Christophe Gleizes, journaliste français collaborant pour So Foot et Society, a vu sa peine confirmée en appel en Algérie. Arrestation, accusations et réactions : retour sur une affaire qui a surpris le monde journalistique. Derrière les verdicts, quelles implications pour la presse et les journalistes étrangers ?

Un journaliste français face à la justice algérienne

Mercredi 3 décembre 2025, la Cour d’appel de Tizi-Ouzou a confirmé la peine de sept ans de prison ferme à l’encontre de Christophe Gleizes, 36 ans.

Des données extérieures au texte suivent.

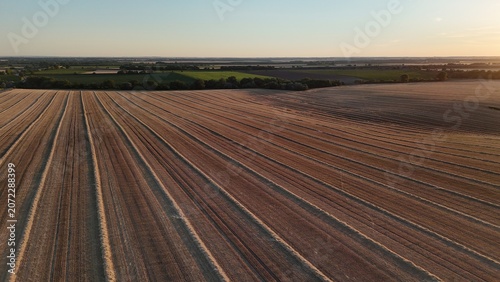 Billede på lærred Drone view of harvested wheat fields at sunset near Baracs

Arrêté en mai 2024 alors qu’il réalisait des reportages sur la Jeunesse Sportive de Kabylie et une enquête sur la mort d’Albert Ebossé, le journaliste a été jugé pour « apologie du terrorisme » et « possession de publications dans un but de propagande nuisant à l’intérêt national ».

Malgré ses excuses émouvantes à la barre, où il a reconnu certaines erreurs journalistiques et imploré la clémence pour retrouver sa famille, la justice algérienne a maintenu la sentence initiale. Les proches de Christophe Gleizes, présents à l’audience, ont exprimé leur profonde consternation.

Les raisons de la condamnation

Au cœur de l’affaire, les contacts de Christophe Gleizes avec le Mouvement pour l’autodétermination de la Kabylie (MAK), classé comme organisation terroriste par les autorités algériennes en 2021. Le journaliste affirme ne pas avoir été au courant de ce classement lors de ses rencontres, notamment celle à Paris en octobre 2021 avec un dirigeant du mouvement.

Son visa touristique, alors qu’il effectuait un travail journalistique, a également été pointé du doigt par la justice. Ses avocats soulignent que ces éléments relèvent d’erreurs administratives et de méconnaissance, et non d’actes hostiles. Néanmoins, le parquet avait requis une peine plus lourde, estimant que ses actions étaient « un acte hostile ».

Réactions et contexte international

La condamnation de Christophe Gleizes a suscité l’inquiétude de la communauté journalistique. Sur RFI, le directeur de Reporters sans frontières, Thibaut Bruttin, a dénoncé une « incompréhension du rôle des journalistes » par la justice algérienne.

En parallèle, certains observateurs espéraient que la décrispation récente entre la France et l’Algérie, notamment avec la libération de l’écrivain Boualem Sansal en novembre 2025, pourrait influer sur l’affaire. Mais la Cour d’appel n’a pas suivi ces espoirs.

Un avertissement pour les journalistes étrangers

Cette affaire rappelle que travailler dans des zones sensibles à l’étranger nécessite une vigilance extrême. Visas appropriés, vérification des contacts, connaissance des contextes politiques et légaux. Même en étant citoyen d’un autre pays, un journaliste reste soumis aux lois locales.

Pour Christophe Gleizes, rester en France pourrait limiter les risques immédiats de détention, mais l’affaire illustre la complexité de l’exercice du journalisme international, où curiosité et sécurité doivent constamment être équilibrées.